Из-за этого процесса достраивания было бы утопией полагать, что существует некий канонический текст или просто единый для всех текст, на который проецируют себя разные читатели. А если бы такой текст и существовал, мы, к сожалению, не смогли бы с ним взаимодействовать иначе как через призму субъективности. Ведь сам читатель завершает произведение и дополняет, хоть и не навсегда, мир, который в нем открывается, и при каждом прочтении делает это по-новому.

Такая субъективность и недостроенность мира каждого произведения подводит нас к мысли, что вокруг любого из них существует промежуточный мир-посредник.
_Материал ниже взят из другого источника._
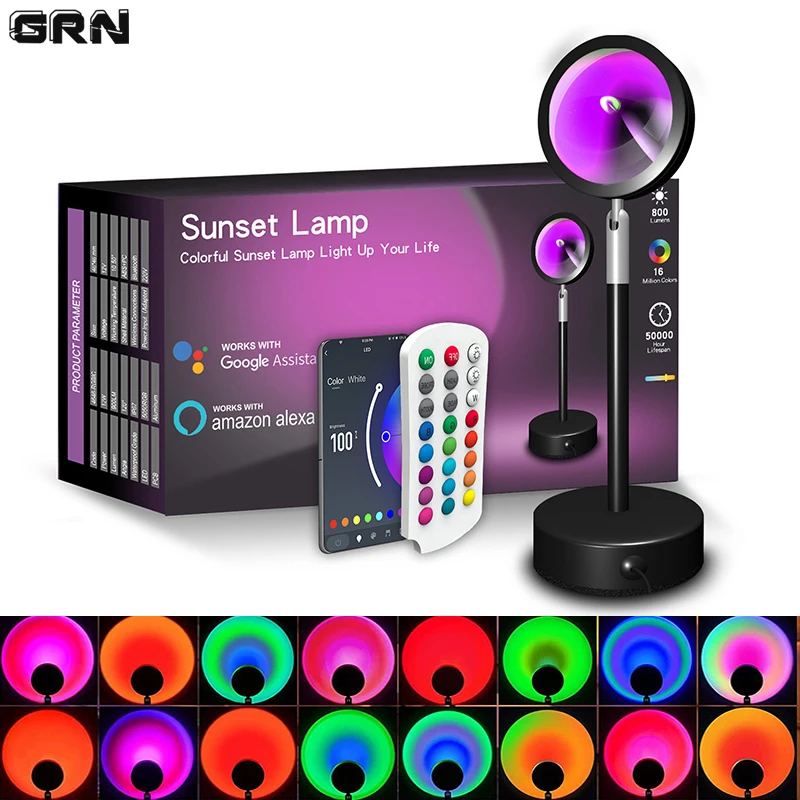 Smart Home Room - Smart LED Sunset Lamp Colorful Changing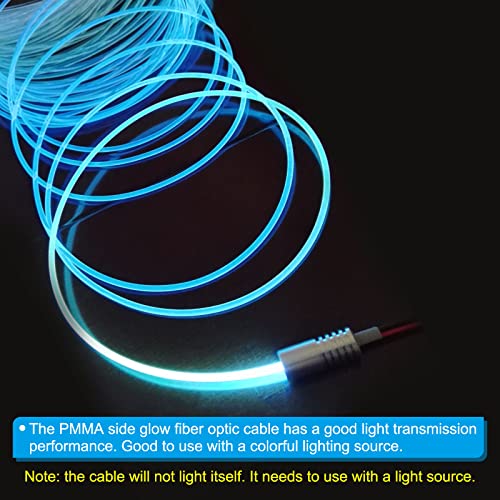 Image of PATIKIL 3mm 3.0m PMMA Side Glow Fiber Optic Cable Kit, with LED Aluminum Illuminator 12V 1.5W Guide Light Source Decoration for Home DIY Lighting, Ice Blue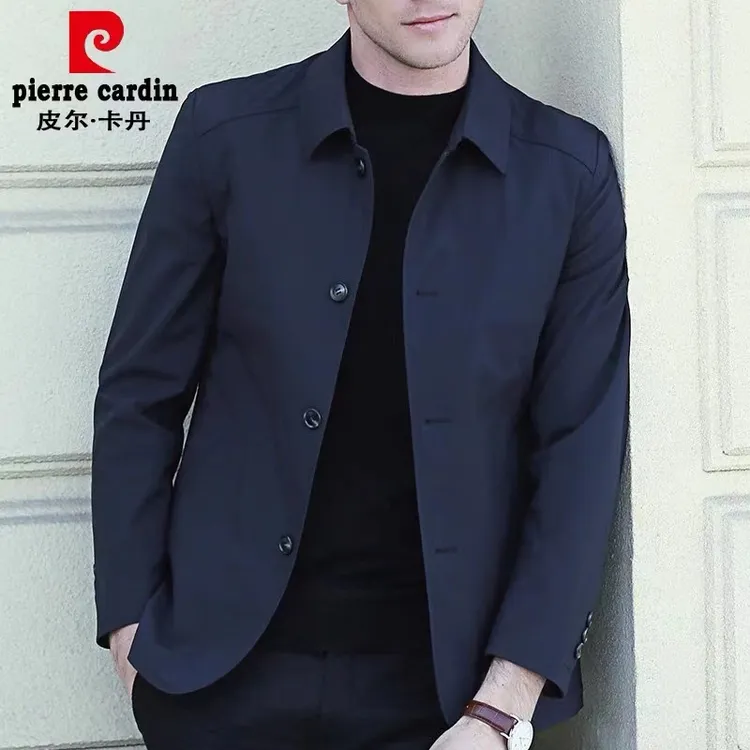 皮尔卡丹2025男休闲外套中青年夹克春秋冬款翻领商务休闲羽绒服男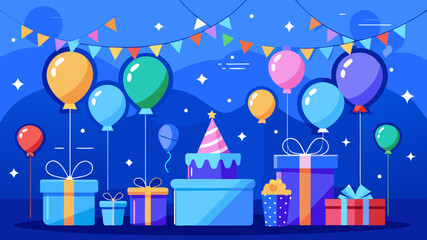 Festive birthday celebration with balloons cake and gifts under party bunting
Его наличие обусловлено тем, что число высказываний, составляющих любой текст, ограниченно, и увеличить количество доступной информации невозможно. Причем мир-посредник граничит с областью как сознательного, так и бессознательного, и домыслы читателя направлены на то, чтобы достроенное таким образом произведение обрело самостоятельное значение. Мир-посредник — иной мир, в его пространстве царят иные законы, он более подвижен и многолик, чем само произведение, и необходим для того, чтобы в результате бесконечного количества встреч с читателем исходный текст достиг хотя бы минимальной цельности.